As mentioned above the Ocoee has several drops that can whup yer backside and some swims are not fun at all.

The key, in my opinion, to what level of difficulty a person has who runs the Ocoee is the lines.

I have a kayaking bud that lives in East TN that is a regular on the Ocoee. I have followed him down the Ocoee on lines that were literally easy as eating apple pie. This was when I was recovering from accidents. He knows lines on almost all the hard drops that are real easy. By the same token, I have followed him down Ocoee lines that were as difficult as many of the drops I have been blessed to run all over the USA, Central and South America. That is what makes the Ocoee such a great training run. A person makes it as hard as they want to that day.

Bottom line. Find your self some one who knows "all" the lines not just the common lines on the Ocoee.
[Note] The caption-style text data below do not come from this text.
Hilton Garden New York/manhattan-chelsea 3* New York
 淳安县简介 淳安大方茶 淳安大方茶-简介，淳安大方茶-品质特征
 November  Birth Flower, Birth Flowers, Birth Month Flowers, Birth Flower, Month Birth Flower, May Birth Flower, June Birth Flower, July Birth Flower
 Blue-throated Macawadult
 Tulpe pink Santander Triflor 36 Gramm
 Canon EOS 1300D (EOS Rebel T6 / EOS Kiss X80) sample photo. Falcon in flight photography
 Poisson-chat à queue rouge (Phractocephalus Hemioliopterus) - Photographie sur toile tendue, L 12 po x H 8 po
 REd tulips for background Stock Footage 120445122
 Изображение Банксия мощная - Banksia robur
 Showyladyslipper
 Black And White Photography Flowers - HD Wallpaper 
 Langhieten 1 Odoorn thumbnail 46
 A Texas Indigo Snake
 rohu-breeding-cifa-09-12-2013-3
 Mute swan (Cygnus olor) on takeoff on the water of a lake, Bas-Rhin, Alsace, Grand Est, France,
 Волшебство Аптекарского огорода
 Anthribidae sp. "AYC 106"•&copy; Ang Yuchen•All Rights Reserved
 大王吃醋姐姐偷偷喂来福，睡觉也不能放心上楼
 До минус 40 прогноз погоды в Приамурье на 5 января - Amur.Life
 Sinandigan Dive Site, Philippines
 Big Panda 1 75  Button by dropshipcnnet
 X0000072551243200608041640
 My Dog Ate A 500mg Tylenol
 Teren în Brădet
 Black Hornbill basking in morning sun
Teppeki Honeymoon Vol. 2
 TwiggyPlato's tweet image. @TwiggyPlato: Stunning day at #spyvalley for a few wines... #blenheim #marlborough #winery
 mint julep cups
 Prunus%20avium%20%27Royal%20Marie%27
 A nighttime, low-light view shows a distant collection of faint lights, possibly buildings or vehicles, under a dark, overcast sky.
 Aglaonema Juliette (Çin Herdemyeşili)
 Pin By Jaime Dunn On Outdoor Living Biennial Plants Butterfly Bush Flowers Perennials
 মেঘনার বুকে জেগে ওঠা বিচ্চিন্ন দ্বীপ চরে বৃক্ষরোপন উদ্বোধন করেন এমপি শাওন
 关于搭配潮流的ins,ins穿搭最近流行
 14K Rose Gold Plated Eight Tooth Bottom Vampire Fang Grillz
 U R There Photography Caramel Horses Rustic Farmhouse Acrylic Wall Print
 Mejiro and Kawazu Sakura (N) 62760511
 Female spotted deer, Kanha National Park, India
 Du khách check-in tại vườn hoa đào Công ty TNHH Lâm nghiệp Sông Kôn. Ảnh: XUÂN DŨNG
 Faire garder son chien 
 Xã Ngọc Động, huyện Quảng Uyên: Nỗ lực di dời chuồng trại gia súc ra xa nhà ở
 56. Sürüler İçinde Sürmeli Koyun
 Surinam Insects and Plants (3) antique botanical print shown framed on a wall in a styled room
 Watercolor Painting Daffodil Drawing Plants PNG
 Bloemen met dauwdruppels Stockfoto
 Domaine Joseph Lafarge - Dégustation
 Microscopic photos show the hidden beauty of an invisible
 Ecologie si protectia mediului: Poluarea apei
Maybe start off half way down or below Grumpy's or Broken Nose or the "normally hard drops" or be prepared to walk a few drops (not easy on some drops to walk tho). Pick a nice day and one where you feel right on the water.

I know some newbie kayakers who took a run down the Ocoee and got beat up to the point they did not come back. Others, took it easy in steps and went on to become Ocoee veterans.

It is a great river, one that makes me give thanks for TVA dams, and is great fun still every time I get to run it.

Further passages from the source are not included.